/---

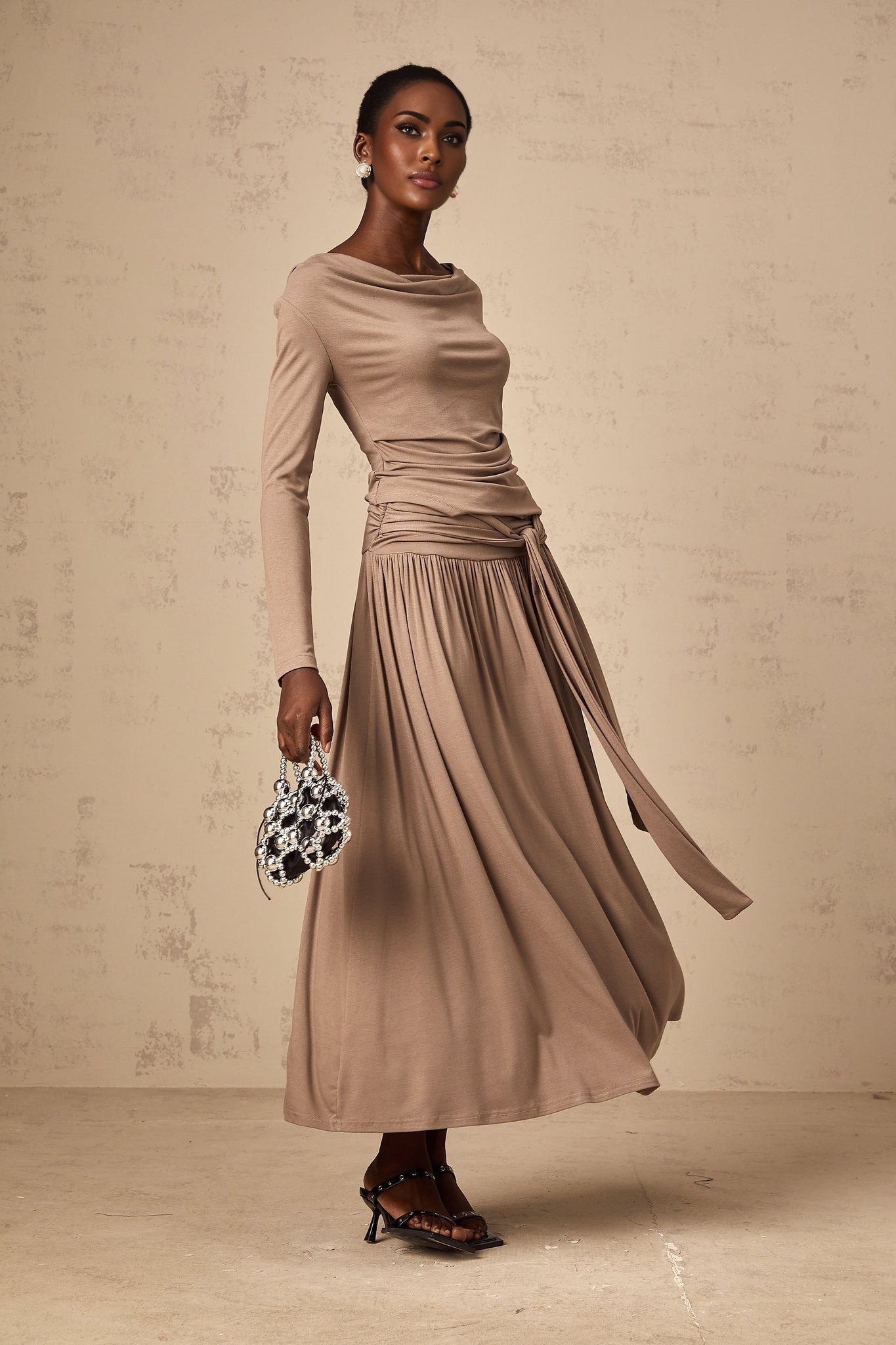 A woman wearing an oatmeal colored matching set consisting of a draped top and skirt both made from stretchy fabric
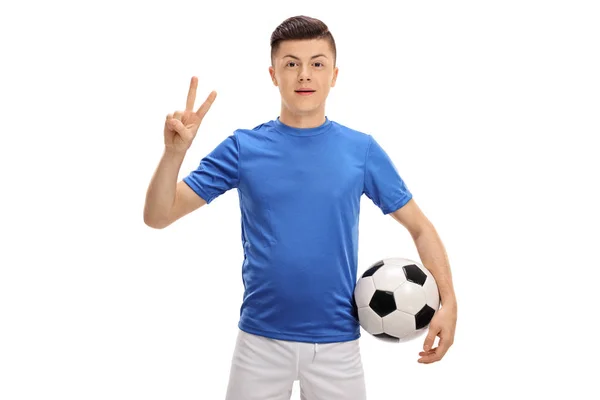 Joueur de football adolescent avec un ballon de football faisant un signe de victoire — Photo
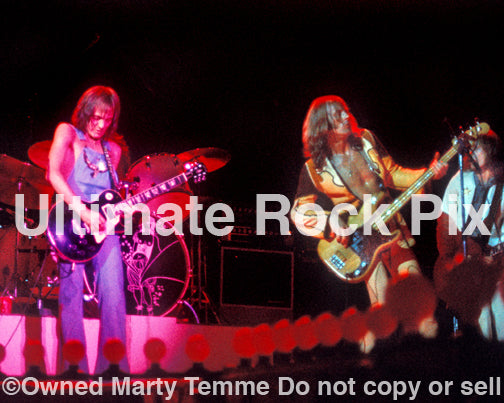 Photo of Steve Marriott and Greg Ridley of Humble Pie in concert in 1973 by Marty Temme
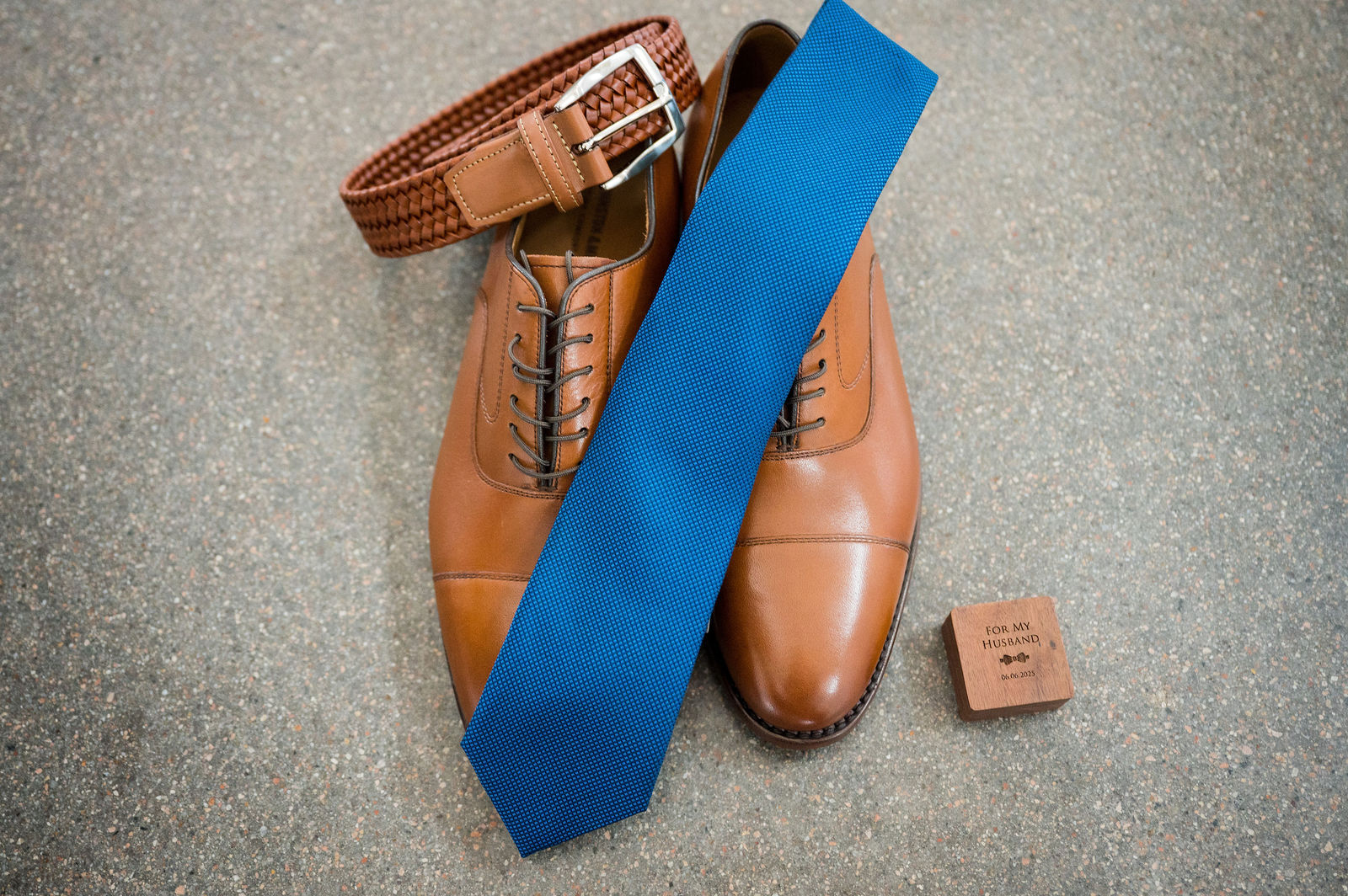 Groom’s wedding day details with tie, shoes and cufflinks in Colorado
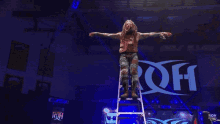 a wrestler is laying on a table in front of a sign that says roh on it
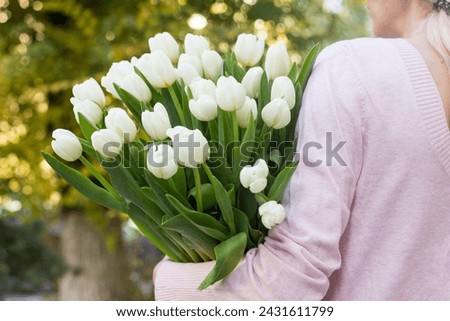 girl holding white tulips close-up.girl with tulips on the street.floristry courses Royalty-Free Stock Photo #2431611799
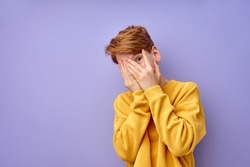 Portrait of scared caucasian teen boy, isolated on purple studio background. Frightened child looking at camera through fingers, closing eyes, in shock or amazement. human emotions, people concept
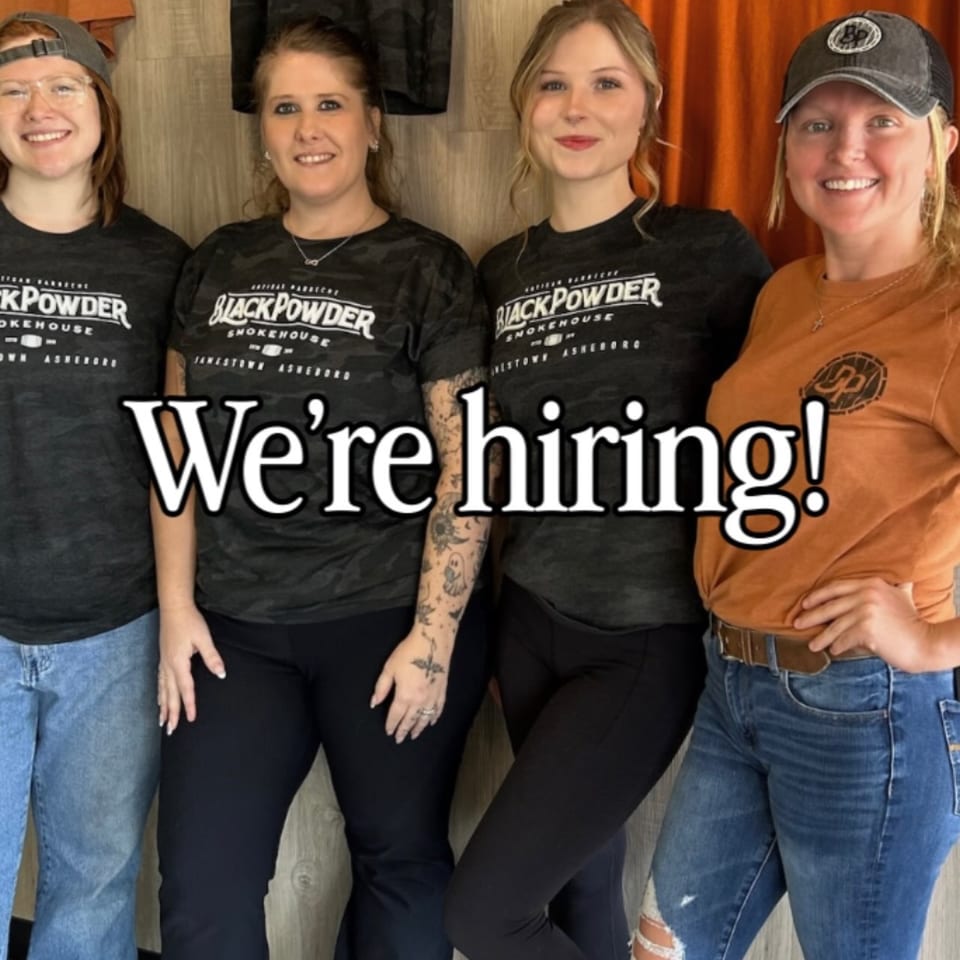 Four smiling Black Powder Smokehouse employees stand together, with "We're hiring!" overlaid.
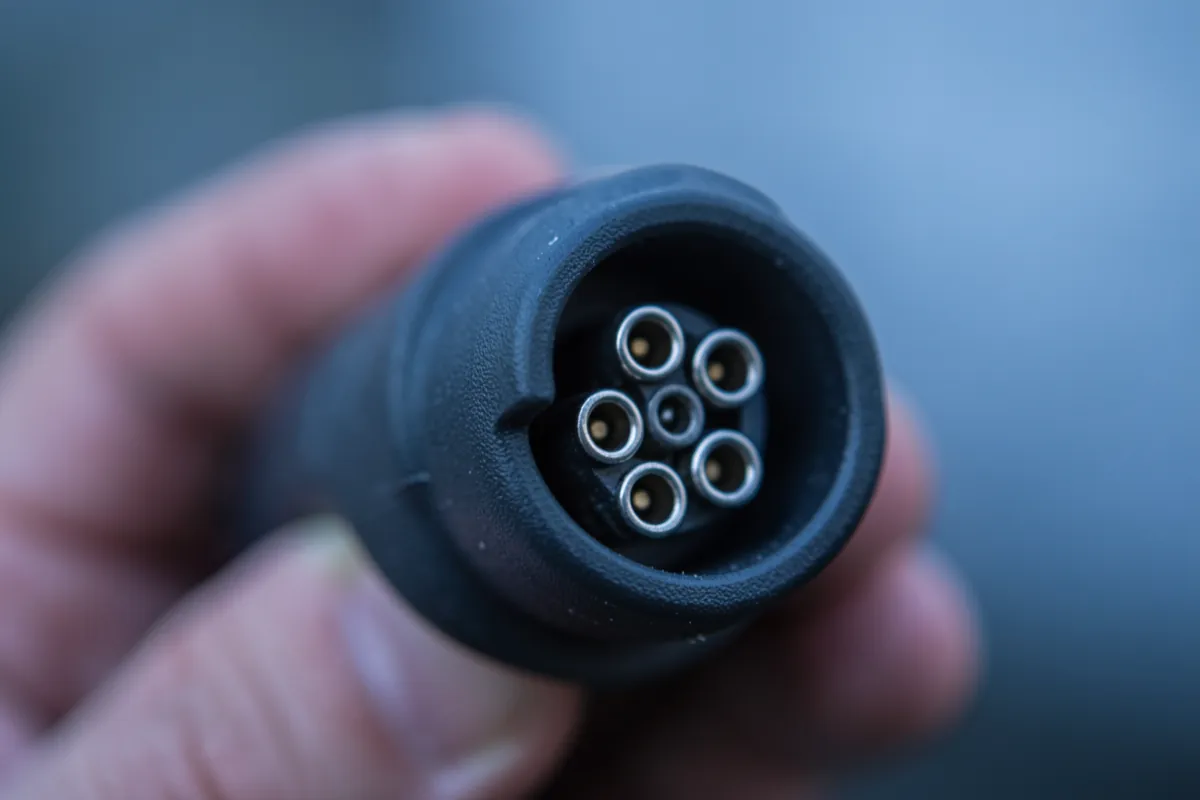 Lähikuva sähköauton latauskaapelin liittimestä ja sen metallisista kosketinpinneistä.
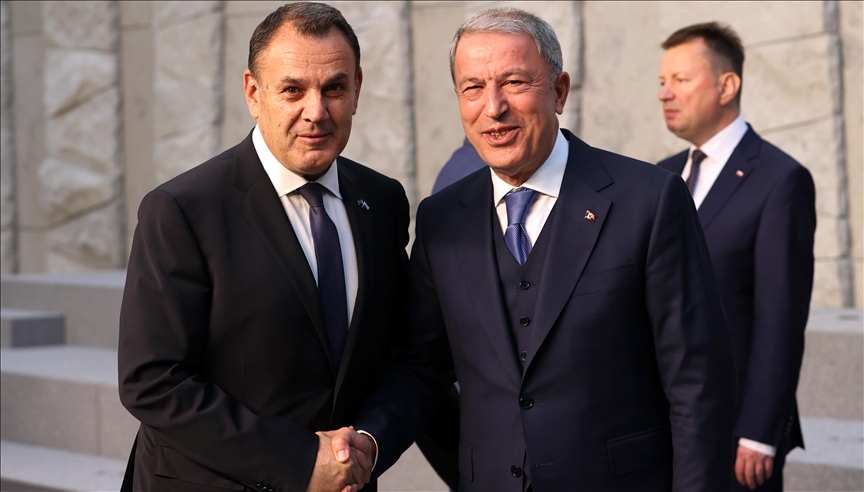 Akar yunan nazirlə bir araya gəldi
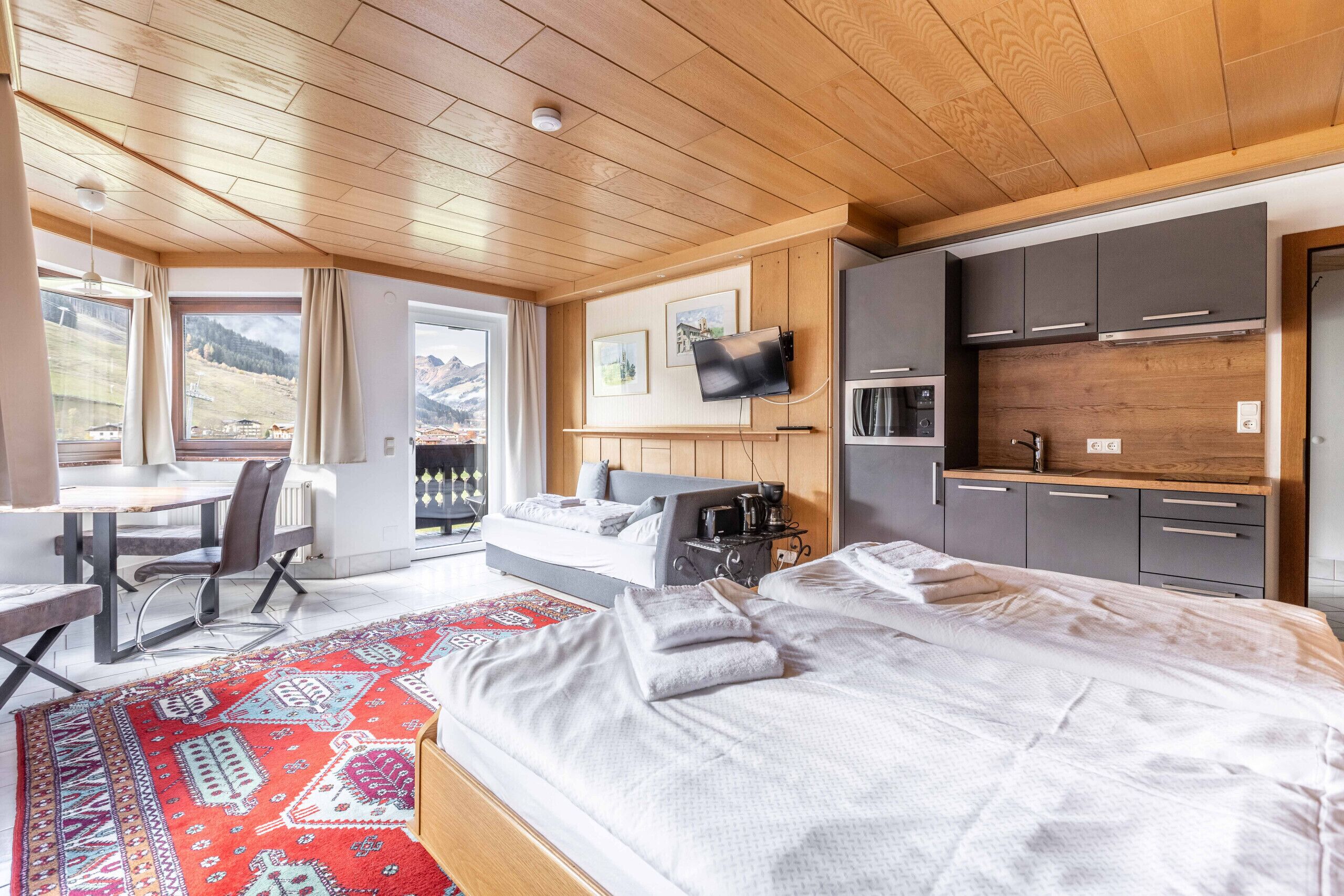 A modern hotel room with a large bed, a desk, a sofa, and a kitchen area.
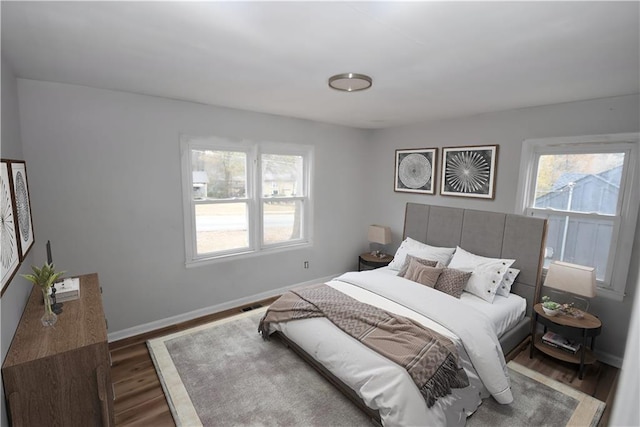 bedroom with multiple windows and dark hardwood / wood-style floors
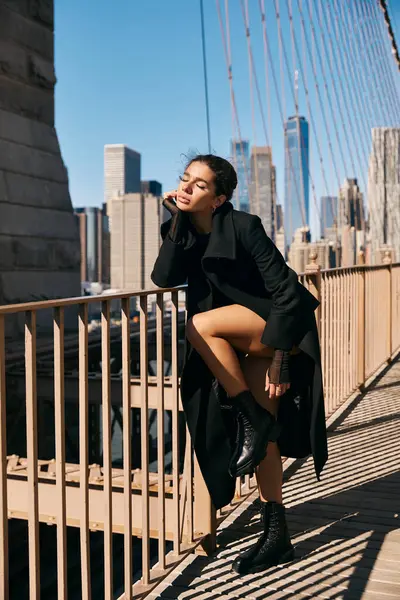 A young woman dances on a bridge overlooking the city, her movements graceful and free. — Stock Photo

\---

[Work to be completed]
Restate word for word only the lines from where the entries begin through the one with "girl holding white"; omit the pictures.

[Expected output]
 A woman wearing an oatmeal colored matching set consisting of a draped top and skirt both made from stretchy fabric
 Joueur de football adolescent avec un ballon de football faisant un signe de victoire — Photo
 Photo of Steve Marriott and Greg Ridley of Humble Pie in concert in 1973 by Marty Temme
 Groom’s wedding day details with tie, shoes and cufflinks in Colorado
 a wrestler is laying on a table in front of a sign that says roh on it
 girl holding white tulips close-up.girl with tulips on the street.floristry courses Royalty-Free Stock Photo #2431611799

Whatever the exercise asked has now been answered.